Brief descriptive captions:
______________________________

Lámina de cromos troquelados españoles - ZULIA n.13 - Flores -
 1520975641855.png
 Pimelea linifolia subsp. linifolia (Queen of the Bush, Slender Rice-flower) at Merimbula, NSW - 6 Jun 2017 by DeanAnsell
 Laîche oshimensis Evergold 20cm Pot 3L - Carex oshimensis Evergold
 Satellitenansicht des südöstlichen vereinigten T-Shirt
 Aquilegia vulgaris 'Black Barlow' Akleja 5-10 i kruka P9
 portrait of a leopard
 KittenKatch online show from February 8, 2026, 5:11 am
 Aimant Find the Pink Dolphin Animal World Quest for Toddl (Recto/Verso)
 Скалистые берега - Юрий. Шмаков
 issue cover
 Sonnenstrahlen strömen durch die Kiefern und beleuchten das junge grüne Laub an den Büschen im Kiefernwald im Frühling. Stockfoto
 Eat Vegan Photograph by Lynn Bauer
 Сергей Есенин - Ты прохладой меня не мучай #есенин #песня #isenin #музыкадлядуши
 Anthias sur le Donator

______________________________

● **What is required**
Using the records above, please repeat the line with "Eat Vegan Photograph by Lynn Bauer" and every line after it exactly, and give no other text.

● **Task result**
 Eat Vegan Photograph by Lynn Bauer
 Сергей Есенин - Ты прохладой меня не мучай #есенин #песня #isenin #музыкадлядуши
 Anthias sur le Donator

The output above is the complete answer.